Mercato digitale, ora in Italia vale 15 miliardi di euro
11 Ottobre 10:47 2019 Stampa questo articolo

Un valore complessivo di 15,5 miliardi di euro: è il risultato degli acquisti dei viaggiatori italiani fatti sul web, con il 2019 che ha visto una crescita del mercato digitale del 9%.

A trainare i grandi numeri fatti dal digital – fa sapere l’Osservatorio Innovazione Digitale nel Turismo della School of Management del Politecnico di Milano – sono le prenotazioni fatte via desktop (+4%), anche se una transazione su quattro, quindi il 23%, avviene da mobile, strumento in crescita del 32% rispetto al 2018. Andando su quelli che sono i servizi acquistati, la categoria principale è quella dei trasporti (62%), seguita dagli alloggi (30%) e da pacchetti e tour (8%).

Per quanto concerne i canali di vendita, poi, quello diretto rappresenta ancora il 68% delle prenotazioni, principalmente per il peso dei trasporti; i canali indiretti, però, proseguono il loro sviluppo (+10%), con le Ota e i vari aggregatori che confermano la loro quota pari al 32%.

«Il mercato cresce anche grazie agli attori tradizionali: in particolare il campione di tour Operator intervistato, che copre il 70% del mercato, ha registrato una crescita media del 7% – dichiara Filippo Renga, direttore dell’Osservatorio Innovazione Digitale nel Turismo, presente per l’evento annuale di Rimini, a Ttg – Il settore richiede, però, sempre maggior personalizzazione e l’offerta cerca quindi di tenere il passo e innovare grazie al supporto sia dell’intelligenza artificiale che di quella umana.
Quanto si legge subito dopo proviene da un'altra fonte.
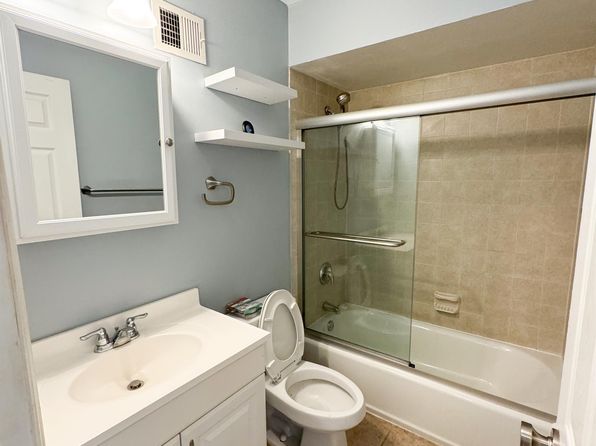 2705 Laclede Station Rd APT A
Da una parte, entrano in gioco soluzioni come chatbot, assistenti virtuali o sistemi che offrono automaticamente proposte personalizzate sulla base delle informazioni raccolte; dall’altra, i dati confermano come sia ancora cruciale il ruolo dell’esperienza umana: il 23% dei turisti digitali prenota in agenzia i propri viaggi».

LA FORZA DELL’AGENZIA DI VIAGGI. Nel 2019, il 23% dei turisti si è recato in agenzia di viaggi per effettuare la prenotazione. Tra le motivazioni prevalenti ci sono la sicurezza di trovare tutte le informazioni corrette, la gestione di tutto il pacchetto viaggio (assicurazione inclusa), l’esperienza dell’agente o del consulente e l’assistenza in fase di pianificazione.

SEMPRE PIÙ CANALE DIRETTO PER HOTEL & CO. Su cento prenotazioni nelle strutture avvenute nel corso di quest’anno, in media 49 di queste vengono effettuate dal cliente finale direttamente (21 via email, 18 al telefono o al banco, 10 su sito, app e social network). La percentuale di prenotazioni dirette sale fino al 52% nel comparto alberghiero mentre l’intermediazione digitale presenta dati sopra la media (38%) quando ci si rivolge a strutture non tradizionali, come camping o b&b. A trainare è la sharing economy, che vale oggi un terzo della componente di mercato digitale relativa agli alloggi.

SONO I TRASPORTI I PIÙ POTENTI DELL’ECOMMERCE. Parlando di trasporti, uno dei trend in atto riguarda la multimodalità, ovvero l’utilizzo di più mezzi per un’unica tratta (il 19% dei viaggiatori leisure e il 40% dei businessman digitali italiani ha usato più di un mezzo per raggiungere la meta del loro ultimo viaggio). È per questo che si vanno diffondendo servizi che fungono da aggregatori di varie soluzioni. I più diffusi (22 in Italia) sono gli aggregatori che consentono di comparare diverse soluzioni di viaggio, ma solo cinque di questi sono a tutti gli effetti multimodali.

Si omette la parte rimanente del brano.